[RESEND PATCH v6 1/3] arm64: Add BBM Level 2 cpu feature

Suzuki K Poulose suzuki.poulose at arm.com
Thu May 22 09:29:16 PDT 2025


On 22/05/2025 16:23, Catalin Marinas wrote:
> Hi Suzuki,
> 
> Thanks for looking at this.
> 
> On Mon, May 19, 2025 at 10:45:31AM +0100, Suzuki K Poulose wrote:
>> On 14/05/2025 13:05, Catalin Marinas wrote:
>>> On Tue, May 13, 2025 at 10:15:49AM +0100, Suzuki K Poulose wrote:
>>>> On 12/05/2025 17:33, Catalin Marinas wrote:
>>>>> Stepping back a bit, we know that the MIDR allow-list implies
>>>>> BBML2_NOABORT (and at least BBML2 as in the ID regs). In theory, we need
>>>>
>>>> Please be aware that BBML2_NOABORT midr list may not always imply BBLM2 in
>>>> ID registers (e.g., AmpereOne. But the plan is to fixup the per cpu
>>>> ID register - struct cpuinfo_arm64 - for such cores at early boot,
>>>> individually, before it is used for sanitisation of the system wide
>>>> copy).
>>>
>>> Ah, good point. We can then ignore BBML2 ID regs and only rely on MIDR
>>> (and some future BBML3).
>>>
>>>>> So how about we introduce a WEAK_BOOT_CPU_FEATURE which gets enabled by
>>>>> the boot CPU if it has it _but_ cleared by any secondary early CPU if it
>>>>> doesn't (and never enabled by secondary CPUs).
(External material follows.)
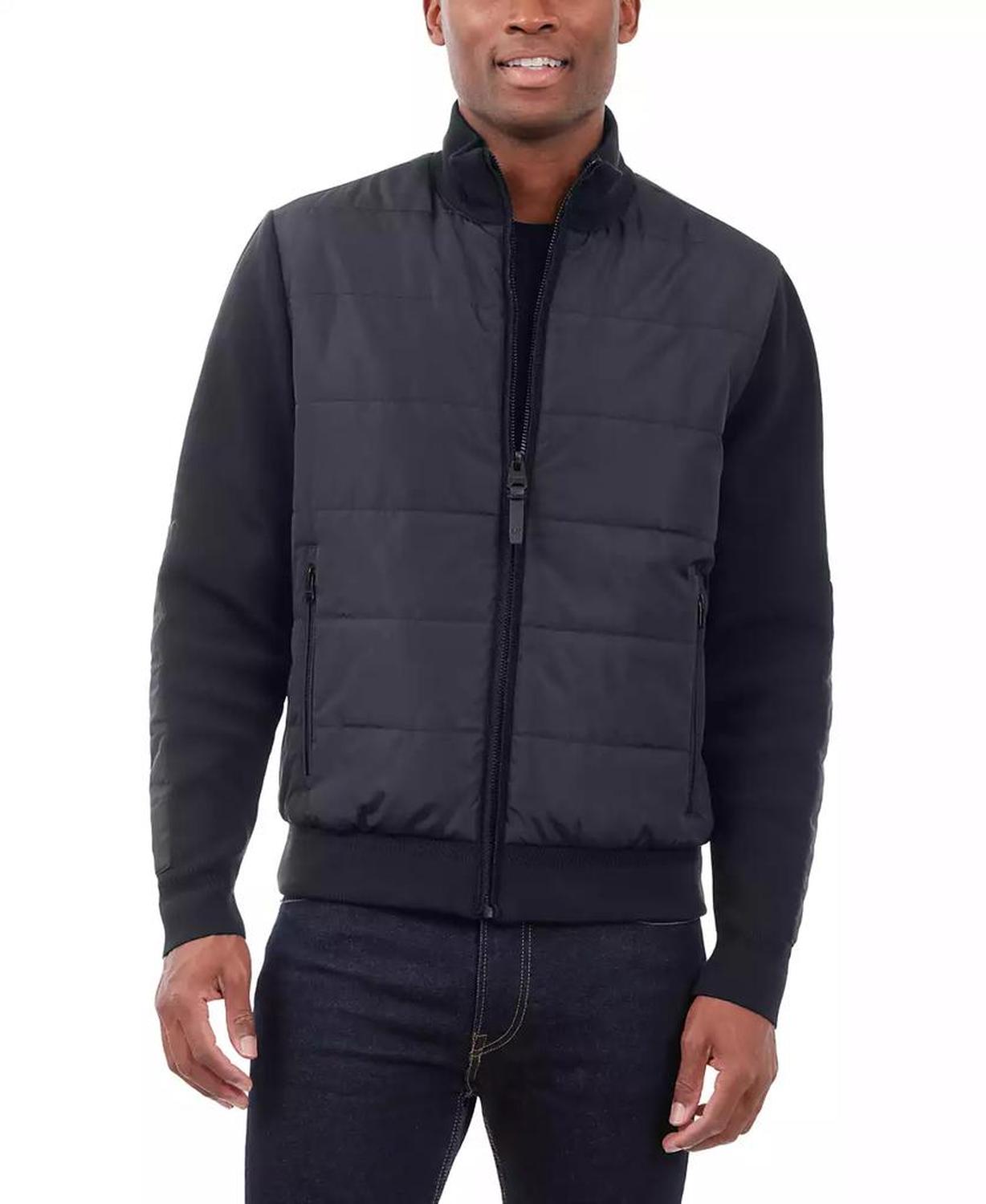 Men's Mixed-Media Knit-Sleeve Puffer Jacket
When the features are
>>>>> finalised, we know if all early CPUs had it. In combination with
>>>>> PERMITTED_FOR_LATE_CPU, we'd reject late CPUs that don't have it.
>>>>
>>>> That could work, but it introduces this "clearing" a capability, which
>>>> we don't do at the moment.
>>>>
>>>> We had an offline discussion about this some time ago, with Mark
>>>> Rutland. The best way to deal with this is to change the way we compute
>>>> capabilities. i.e.,
>>>>
>>>>
>>>> 1. Each boot CPU run through all the capabilities and maintain a per-cpu
>>>>      copy of the state.
>>>> 2. System wide capabilities can then be constructed from the all early
>>>>      boot CPU capability state (e.g., ANDing all the state from all CPUs
>>>>      for SCOPE_SYSTEM or ORing for LOCAL_CPU).
>>>>
>>>> But this requires a drastic change to the infrastructure.
>>>
>>> I think it's a lot simpler to achieve the ANDing - set the (system)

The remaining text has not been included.